Leurs découvertes ouvrent la voie à de nouveaux traitements

C’est une belle histoire de recherche scientifique et, surtout, un espoir pour traiter la bêta-thalassémie, une anémie potentiellement sévère. Deux équipes dirigées par Olivier Hermine (chef du service d’hématologie de l’Hôpital Necker, à Paris) viennent d’élucider deux mécanismes essentiels par lesquels les patients atteints de cette maladie génétique deviennent anémiques. Leurs travaux, publiés dans la revue Nature (le 26 août) et dans Nature Medicine (en avril), ouvrent la voie à des traitements spécifiques de ces maladies du globule rouge. Une première molécule, le sotatercept, est déjà en cours d’essai clinique en Europe, et pourrait être enregistrée rapidement par les autorités sanitaires – la thalassémie étant une maladie orpheline.

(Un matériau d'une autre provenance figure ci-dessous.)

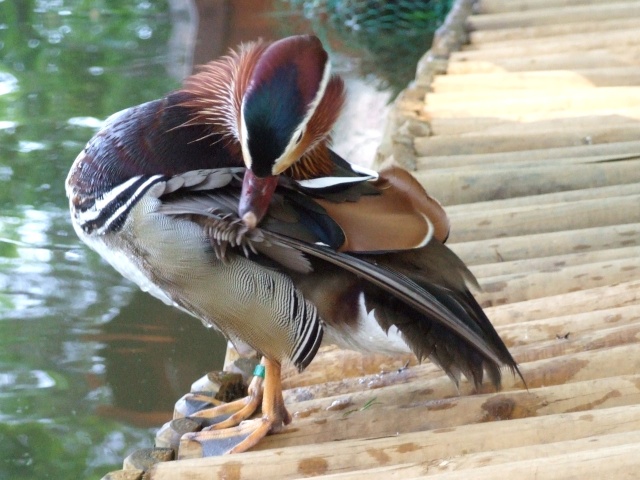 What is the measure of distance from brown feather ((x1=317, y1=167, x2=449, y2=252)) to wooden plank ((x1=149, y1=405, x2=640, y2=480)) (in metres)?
0.34

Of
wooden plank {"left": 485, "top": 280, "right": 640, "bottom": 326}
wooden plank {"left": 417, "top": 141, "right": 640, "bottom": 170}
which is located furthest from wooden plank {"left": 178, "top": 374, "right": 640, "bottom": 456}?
wooden plank {"left": 417, "top": 141, "right": 640, "bottom": 170}

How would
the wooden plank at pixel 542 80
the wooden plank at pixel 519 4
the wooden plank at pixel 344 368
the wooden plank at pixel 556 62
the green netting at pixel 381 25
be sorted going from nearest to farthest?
the wooden plank at pixel 344 368 < the wooden plank at pixel 542 80 < the wooden plank at pixel 556 62 < the wooden plank at pixel 519 4 < the green netting at pixel 381 25

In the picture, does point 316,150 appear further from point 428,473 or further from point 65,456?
point 65,456

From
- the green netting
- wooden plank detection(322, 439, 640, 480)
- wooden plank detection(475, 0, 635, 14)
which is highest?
wooden plank detection(322, 439, 640, 480)

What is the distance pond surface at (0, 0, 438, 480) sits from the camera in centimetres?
318

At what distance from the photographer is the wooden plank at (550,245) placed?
2.43 metres

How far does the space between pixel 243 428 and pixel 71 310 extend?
7.24 ft

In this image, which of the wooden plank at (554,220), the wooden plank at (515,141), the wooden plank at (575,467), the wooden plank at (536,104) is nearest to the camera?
the wooden plank at (575,467)

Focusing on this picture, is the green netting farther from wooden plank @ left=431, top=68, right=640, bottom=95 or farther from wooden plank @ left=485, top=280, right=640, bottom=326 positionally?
wooden plank @ left=485, top=280, right=640, bottom=326

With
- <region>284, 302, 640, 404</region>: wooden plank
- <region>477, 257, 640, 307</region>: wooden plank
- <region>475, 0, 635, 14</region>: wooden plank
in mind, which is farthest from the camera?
<region>475, 0, 635, 14</region>: wooden plank

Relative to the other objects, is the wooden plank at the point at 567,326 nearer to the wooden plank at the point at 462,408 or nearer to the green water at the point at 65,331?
the wooden plank at the point at 462,408

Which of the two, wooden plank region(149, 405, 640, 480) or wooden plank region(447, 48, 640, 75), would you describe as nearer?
wooden plank region(149, 405, 640, 480)

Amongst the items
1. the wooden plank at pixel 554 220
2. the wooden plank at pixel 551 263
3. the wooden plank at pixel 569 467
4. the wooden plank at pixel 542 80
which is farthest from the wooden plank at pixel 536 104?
the wooden plank at pixel 569 467

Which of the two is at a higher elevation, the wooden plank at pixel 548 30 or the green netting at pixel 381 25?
the wooden plank at pixel 548 30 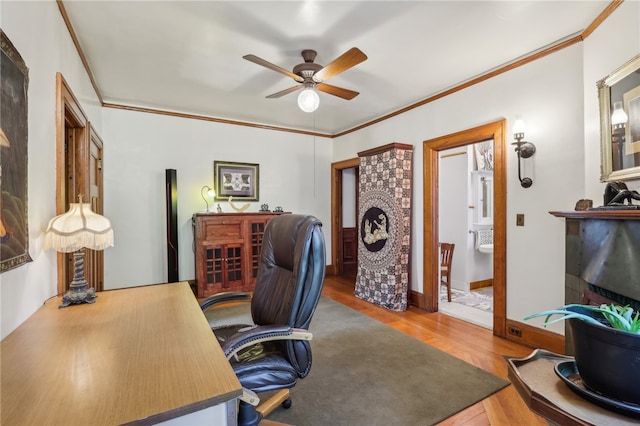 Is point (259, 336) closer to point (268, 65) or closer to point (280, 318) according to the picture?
point (280, 318)

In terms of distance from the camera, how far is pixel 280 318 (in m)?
1.58

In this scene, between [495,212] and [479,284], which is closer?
[495,212]

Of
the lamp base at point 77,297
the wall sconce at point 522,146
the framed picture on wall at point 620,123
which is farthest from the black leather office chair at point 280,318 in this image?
the wall sconce at point 522,146

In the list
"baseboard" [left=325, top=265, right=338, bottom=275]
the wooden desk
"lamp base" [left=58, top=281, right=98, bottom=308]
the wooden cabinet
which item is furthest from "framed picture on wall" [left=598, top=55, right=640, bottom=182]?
"baseboard" [left=325, top=265, right=338, bottom=275]

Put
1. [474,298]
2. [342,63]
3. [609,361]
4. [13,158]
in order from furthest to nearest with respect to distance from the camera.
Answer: [474,298], [342,63], [13,158], [609,361]

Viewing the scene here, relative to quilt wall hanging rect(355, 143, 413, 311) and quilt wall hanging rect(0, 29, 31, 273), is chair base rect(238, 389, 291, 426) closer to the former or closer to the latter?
quilt wall hanging rect(0, 29, 31, 273)

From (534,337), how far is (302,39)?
3192 mm

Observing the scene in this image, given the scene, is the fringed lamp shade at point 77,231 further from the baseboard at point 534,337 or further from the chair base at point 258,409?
the baseboard at point 534,337

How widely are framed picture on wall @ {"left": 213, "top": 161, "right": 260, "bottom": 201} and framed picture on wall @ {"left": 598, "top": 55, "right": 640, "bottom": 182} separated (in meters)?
4.06

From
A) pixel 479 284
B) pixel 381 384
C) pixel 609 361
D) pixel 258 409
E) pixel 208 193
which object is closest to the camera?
pixel 609 361

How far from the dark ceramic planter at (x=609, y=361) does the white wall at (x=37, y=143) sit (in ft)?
6.53

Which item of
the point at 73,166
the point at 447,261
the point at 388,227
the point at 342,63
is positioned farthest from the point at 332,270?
the point at 73,166

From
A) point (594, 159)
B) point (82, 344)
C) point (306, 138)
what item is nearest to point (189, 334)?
point (82, 344)

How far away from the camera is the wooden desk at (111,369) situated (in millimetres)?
693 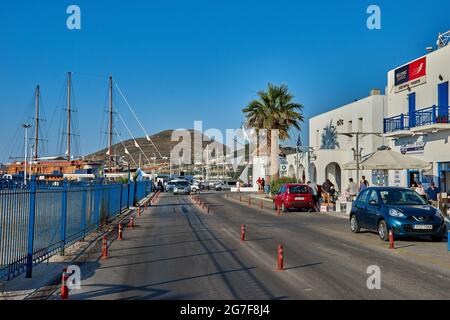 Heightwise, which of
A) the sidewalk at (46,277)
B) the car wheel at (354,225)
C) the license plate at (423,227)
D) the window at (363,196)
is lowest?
the sidewalk at (46,277)

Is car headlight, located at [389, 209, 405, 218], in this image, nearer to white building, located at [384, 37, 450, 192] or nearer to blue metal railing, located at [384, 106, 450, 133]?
white building, located at [384, 37, 450, 192]

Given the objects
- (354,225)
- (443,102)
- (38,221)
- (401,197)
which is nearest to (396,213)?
(401,197)

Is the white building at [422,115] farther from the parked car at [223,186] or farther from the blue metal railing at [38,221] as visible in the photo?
the parked car at [223,186]

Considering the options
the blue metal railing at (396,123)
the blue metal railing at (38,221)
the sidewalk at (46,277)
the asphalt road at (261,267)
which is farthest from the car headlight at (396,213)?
the blue metal railing at (396,123)

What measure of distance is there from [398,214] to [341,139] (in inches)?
1223

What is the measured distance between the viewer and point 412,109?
3141 cm

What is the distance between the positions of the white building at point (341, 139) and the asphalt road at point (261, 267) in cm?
2037

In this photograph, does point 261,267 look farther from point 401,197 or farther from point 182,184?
point 182,184

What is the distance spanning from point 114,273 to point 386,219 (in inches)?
342

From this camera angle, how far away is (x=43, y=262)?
12039 mm

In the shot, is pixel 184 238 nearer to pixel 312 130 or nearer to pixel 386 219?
pixel 386 219

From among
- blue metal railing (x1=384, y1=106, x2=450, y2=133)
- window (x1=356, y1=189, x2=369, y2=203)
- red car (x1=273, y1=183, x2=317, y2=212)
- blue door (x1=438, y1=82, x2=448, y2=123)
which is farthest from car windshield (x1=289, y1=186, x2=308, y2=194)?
window (x1=356, y1=189, x2=369, y2=203)

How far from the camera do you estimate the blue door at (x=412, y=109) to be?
30.5m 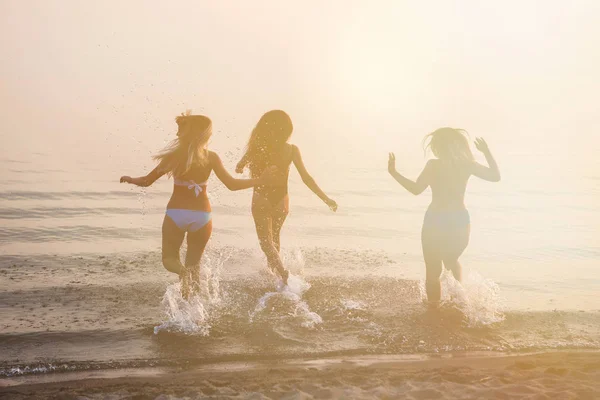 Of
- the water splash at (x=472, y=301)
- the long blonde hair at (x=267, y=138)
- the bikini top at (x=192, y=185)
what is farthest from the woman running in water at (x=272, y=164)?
the water splash at (x=472, y=301)

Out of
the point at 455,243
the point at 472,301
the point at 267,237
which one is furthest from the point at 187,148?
the point at 472,301

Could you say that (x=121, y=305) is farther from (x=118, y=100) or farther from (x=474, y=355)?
(x=118, y=100)

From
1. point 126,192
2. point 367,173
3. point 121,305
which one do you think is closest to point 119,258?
point 121,305

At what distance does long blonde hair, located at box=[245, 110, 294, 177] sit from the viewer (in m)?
8.08

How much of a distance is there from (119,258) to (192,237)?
12.9ft

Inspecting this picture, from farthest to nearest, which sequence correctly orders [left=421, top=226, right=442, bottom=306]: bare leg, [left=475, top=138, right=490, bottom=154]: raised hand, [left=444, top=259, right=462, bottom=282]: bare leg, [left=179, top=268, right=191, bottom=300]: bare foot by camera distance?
[left=444, top=259, right=462, bottom=282]: bare leg < [left=421, top=226, right=442, bottom=306]: bare leg < [left=475, top=138, right=490, bottom=154]: raised hand < [left=179, top=268, right=191, bottom=300]: bare foot

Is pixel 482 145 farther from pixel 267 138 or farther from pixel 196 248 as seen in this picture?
pixel 196 248

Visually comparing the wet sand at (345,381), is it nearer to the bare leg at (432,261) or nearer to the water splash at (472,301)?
the water splash at (472,301)

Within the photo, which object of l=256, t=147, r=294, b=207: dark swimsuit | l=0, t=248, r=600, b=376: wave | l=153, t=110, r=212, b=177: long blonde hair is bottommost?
l=0, t=248, r=600, b=376: wave

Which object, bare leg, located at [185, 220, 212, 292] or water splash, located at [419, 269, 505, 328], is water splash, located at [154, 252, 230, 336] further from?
water splash, located at [419, 269, 505, 328]

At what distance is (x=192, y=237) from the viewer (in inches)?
279

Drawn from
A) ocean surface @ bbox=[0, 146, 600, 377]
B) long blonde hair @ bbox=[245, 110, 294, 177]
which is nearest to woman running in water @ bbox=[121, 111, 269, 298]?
ocean surface @ bbox=[0, 146, 600, 377]

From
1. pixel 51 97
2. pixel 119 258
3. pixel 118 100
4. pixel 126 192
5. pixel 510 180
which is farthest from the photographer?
pixel 118 100

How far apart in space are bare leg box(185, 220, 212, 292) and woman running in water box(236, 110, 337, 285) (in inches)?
49.3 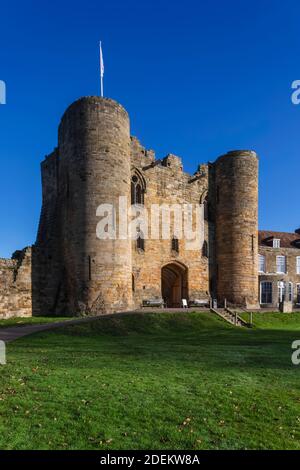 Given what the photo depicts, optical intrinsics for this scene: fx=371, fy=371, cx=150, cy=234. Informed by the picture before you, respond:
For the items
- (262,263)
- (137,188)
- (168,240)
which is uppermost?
(137,188)

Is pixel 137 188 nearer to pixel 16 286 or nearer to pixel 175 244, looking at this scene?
pixel 175 244

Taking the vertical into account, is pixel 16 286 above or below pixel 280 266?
below

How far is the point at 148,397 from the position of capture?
23.6ft

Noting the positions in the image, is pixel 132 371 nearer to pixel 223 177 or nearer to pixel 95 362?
pixel 95 362

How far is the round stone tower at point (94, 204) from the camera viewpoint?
74.9ft

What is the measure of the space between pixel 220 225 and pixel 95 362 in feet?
78.6

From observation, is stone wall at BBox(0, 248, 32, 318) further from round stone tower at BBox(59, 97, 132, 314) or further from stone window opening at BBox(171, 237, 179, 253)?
stone window opening at BBox(171, 237, 179, 253)

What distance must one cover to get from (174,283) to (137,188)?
9014 millimetres

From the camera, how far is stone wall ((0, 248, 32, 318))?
23.1 m

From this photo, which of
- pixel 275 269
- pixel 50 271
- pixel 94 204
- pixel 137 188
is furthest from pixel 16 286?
pixel 275 269

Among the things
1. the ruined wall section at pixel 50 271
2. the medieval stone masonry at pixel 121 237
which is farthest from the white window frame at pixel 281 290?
the ruined wall section at pixel 50 271

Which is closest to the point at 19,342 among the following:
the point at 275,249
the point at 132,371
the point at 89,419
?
the point at 132,371

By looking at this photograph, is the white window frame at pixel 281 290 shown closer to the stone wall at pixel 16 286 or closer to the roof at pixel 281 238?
the roof at pixel 281 238

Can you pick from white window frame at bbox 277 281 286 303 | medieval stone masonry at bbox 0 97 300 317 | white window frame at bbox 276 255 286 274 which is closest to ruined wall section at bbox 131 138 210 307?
medieval stone masonry at bbox 0 97 300 317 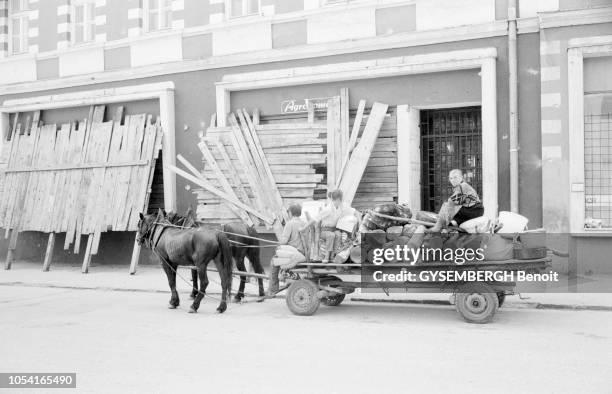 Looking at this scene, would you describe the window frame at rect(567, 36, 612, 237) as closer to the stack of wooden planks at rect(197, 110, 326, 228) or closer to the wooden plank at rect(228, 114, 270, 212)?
the stack of wooden planks at rect(197, 110, 326, 228)

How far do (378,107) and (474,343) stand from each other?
7.26 meters

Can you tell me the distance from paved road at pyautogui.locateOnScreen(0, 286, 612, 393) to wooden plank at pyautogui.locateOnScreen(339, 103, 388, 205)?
3.52 m

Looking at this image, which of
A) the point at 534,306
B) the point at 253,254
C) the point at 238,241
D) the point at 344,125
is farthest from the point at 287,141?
the point at 534,306

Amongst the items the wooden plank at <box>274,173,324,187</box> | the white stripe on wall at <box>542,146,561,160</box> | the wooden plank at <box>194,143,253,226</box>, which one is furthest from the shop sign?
the white stripe on wall at <box>542,146,561,160</box>

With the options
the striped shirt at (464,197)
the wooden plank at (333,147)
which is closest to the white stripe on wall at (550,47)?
the wooden plank at (333,147)

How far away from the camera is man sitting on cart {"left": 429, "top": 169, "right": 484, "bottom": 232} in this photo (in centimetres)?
869

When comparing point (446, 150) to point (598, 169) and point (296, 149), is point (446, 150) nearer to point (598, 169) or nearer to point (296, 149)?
point (598, 169)

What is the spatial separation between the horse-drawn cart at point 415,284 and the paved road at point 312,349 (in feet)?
0.68

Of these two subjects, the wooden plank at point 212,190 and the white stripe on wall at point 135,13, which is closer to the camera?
the wooden plank at point 212,190

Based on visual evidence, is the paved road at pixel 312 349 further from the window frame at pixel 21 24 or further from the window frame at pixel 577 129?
the window frame at pixel 21 24

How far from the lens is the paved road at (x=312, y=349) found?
5.91 m

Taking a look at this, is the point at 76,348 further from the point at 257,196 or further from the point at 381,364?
the point at 257,196

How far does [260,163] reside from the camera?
Answer: 14.6 meters

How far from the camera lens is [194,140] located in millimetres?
16094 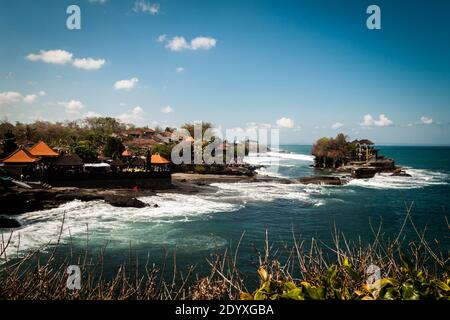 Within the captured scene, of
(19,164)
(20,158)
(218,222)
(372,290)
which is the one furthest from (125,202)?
(372,290)

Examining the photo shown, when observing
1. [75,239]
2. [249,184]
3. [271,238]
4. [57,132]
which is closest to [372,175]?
[249,184]

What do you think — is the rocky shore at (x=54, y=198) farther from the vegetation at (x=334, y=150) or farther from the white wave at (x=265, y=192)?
the vegetation at (x=334, y=150)

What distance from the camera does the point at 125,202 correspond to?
28.0 metres

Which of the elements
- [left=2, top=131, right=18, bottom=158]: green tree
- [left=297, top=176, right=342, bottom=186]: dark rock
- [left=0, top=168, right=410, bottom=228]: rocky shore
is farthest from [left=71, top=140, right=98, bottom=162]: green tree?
[left=297, top=176, right=342, bottom=186]: dark rock

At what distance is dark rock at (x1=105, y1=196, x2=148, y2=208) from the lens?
27.8 m

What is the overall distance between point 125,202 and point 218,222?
959 centimetres

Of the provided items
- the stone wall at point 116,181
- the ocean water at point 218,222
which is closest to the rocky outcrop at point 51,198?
the ocean water at point 218,222

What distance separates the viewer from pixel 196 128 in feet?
247

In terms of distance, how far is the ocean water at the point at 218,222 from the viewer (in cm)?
1764

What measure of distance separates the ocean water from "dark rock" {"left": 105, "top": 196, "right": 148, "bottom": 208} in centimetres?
72

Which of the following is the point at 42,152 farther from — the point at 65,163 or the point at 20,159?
the point at 65,163

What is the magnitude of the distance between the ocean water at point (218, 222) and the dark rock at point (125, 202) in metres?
0.72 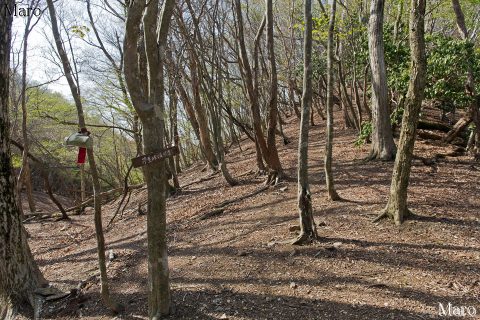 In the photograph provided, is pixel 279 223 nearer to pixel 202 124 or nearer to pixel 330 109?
pixel 330 109

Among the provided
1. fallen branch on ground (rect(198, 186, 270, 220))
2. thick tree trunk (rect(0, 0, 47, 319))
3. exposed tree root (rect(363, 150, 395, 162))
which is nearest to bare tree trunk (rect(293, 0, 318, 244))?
fallen branch on ground (rect(198, 186, 270, 220))

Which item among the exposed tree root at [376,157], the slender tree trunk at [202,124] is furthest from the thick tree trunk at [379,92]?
the slender tree trunk at [202,124]

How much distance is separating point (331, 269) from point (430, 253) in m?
1.30

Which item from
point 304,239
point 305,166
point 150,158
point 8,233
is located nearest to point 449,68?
point 305,166

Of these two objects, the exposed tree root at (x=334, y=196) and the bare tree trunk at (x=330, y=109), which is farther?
the exposed tree root at (x=334, y=196)

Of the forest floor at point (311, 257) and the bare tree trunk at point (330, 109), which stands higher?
the bare tree trunk at point (330, 109)

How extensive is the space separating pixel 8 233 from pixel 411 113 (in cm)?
574

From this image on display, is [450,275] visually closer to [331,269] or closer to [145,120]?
[331,269]

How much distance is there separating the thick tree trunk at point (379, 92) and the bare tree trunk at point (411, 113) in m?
3.48

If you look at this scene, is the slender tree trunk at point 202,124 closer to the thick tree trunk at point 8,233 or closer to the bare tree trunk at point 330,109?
the bare tree trunk at point 330,109

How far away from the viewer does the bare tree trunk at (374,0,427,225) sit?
15.3ft

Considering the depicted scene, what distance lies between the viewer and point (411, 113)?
4.83 meters

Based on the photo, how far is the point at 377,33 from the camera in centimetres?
828

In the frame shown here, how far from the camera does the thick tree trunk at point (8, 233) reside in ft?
14.3
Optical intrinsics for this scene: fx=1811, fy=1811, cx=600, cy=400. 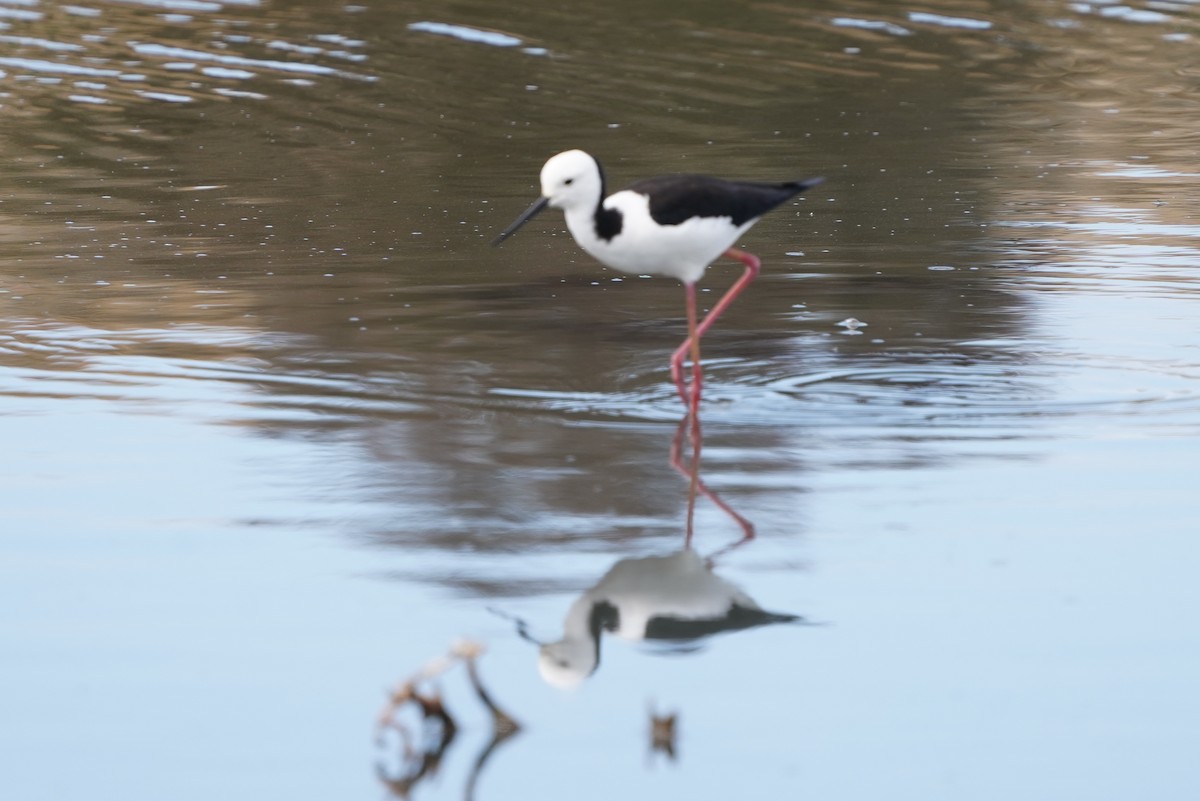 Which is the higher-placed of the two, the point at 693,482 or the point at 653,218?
the point at 653,218

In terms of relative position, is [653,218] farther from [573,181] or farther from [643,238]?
[573,181]

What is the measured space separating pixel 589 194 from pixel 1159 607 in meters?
2.88

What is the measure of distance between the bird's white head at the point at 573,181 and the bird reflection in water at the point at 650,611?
1996 millimetres

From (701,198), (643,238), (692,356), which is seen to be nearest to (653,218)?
(643,238)

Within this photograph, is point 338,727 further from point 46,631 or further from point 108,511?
point 108,511

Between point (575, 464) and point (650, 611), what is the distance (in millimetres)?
1444

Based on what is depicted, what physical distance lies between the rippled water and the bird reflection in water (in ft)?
0.06

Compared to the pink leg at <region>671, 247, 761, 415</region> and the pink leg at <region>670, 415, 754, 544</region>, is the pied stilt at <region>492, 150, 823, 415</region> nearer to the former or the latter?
the pink leg at <region>671, 247, 761, 415</region>

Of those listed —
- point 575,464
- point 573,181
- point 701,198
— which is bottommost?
point 575,464

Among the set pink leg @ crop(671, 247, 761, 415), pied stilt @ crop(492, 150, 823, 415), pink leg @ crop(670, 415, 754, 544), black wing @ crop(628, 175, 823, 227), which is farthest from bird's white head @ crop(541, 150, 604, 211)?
pink leg @ crop(670, 415, 754, 544)

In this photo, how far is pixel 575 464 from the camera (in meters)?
6.02

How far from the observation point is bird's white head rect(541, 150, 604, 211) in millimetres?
6703

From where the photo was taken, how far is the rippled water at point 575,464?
4.02 metres

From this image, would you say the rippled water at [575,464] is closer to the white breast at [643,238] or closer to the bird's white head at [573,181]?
the white breast at [643,238] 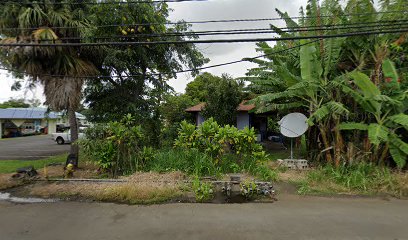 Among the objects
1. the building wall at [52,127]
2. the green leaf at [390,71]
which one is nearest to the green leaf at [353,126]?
the green leaf at [390,71]

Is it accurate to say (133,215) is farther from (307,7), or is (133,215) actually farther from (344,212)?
(307,7)

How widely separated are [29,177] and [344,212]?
894cm

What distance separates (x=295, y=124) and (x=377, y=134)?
272cm

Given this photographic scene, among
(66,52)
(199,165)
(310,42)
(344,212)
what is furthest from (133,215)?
(310,42)

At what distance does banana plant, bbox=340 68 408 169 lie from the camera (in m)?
7.50

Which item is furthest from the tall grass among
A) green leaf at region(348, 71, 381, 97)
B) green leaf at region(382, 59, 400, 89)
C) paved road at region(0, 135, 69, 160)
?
paved road at region(0, 135, 69, 160)

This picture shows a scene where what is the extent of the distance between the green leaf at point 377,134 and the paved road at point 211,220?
1.64 meters

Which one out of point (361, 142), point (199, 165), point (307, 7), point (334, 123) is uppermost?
point (307, 7)

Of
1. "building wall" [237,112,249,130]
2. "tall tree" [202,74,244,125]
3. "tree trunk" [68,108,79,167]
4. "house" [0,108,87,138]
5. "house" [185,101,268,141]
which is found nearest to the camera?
"tree trunk" [68,108,79,167]

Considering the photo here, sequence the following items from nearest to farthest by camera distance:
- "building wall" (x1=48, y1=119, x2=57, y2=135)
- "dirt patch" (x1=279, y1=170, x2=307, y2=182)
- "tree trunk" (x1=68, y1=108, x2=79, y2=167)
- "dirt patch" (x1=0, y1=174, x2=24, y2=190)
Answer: "dirt patch" (x1=0, y1=174, x2=24, y2=190) → "dirt patch" (x1=279, y1=170, x2=307, y2=182) → "tree trunk" (x1=68, y1=108, x2=79, y2=167) → "building wall" (x1=48, y1=119, x2=57, y2=135)

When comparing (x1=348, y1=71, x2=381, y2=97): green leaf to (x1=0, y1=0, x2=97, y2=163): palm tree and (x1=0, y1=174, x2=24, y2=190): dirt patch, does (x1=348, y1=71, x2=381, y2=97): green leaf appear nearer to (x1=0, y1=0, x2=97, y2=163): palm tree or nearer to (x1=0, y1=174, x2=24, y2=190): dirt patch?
(x1=0, y1=0, x2=97, y2=163): palm tree

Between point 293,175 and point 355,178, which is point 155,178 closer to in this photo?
point 293,175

Affections génétiques parmi les plus fréquentes, les bêta-thalassémies touchent, dans leur forme sévère dite majeure, environ 100 000 bébés par an dans le monde, notamment dans les pays d’Asie, du Moyen-Orient et du pourtour méditerranéen. En France, le nombre de malades est évalué à 600. En cause: un défaut de l’hémoglobine, le système transporteur d’oxygène dans les globules rouges, qui est constitué de quatre chaînes, deux alpha et deux bêta. Dans les bêta-thalassémies, c’est la production de chaînes bêta qui est insuffisante, voire absente dans les formes homozygotes (deux gènes sont mutés), entraînant alors une anémie profonde dès l’enfance.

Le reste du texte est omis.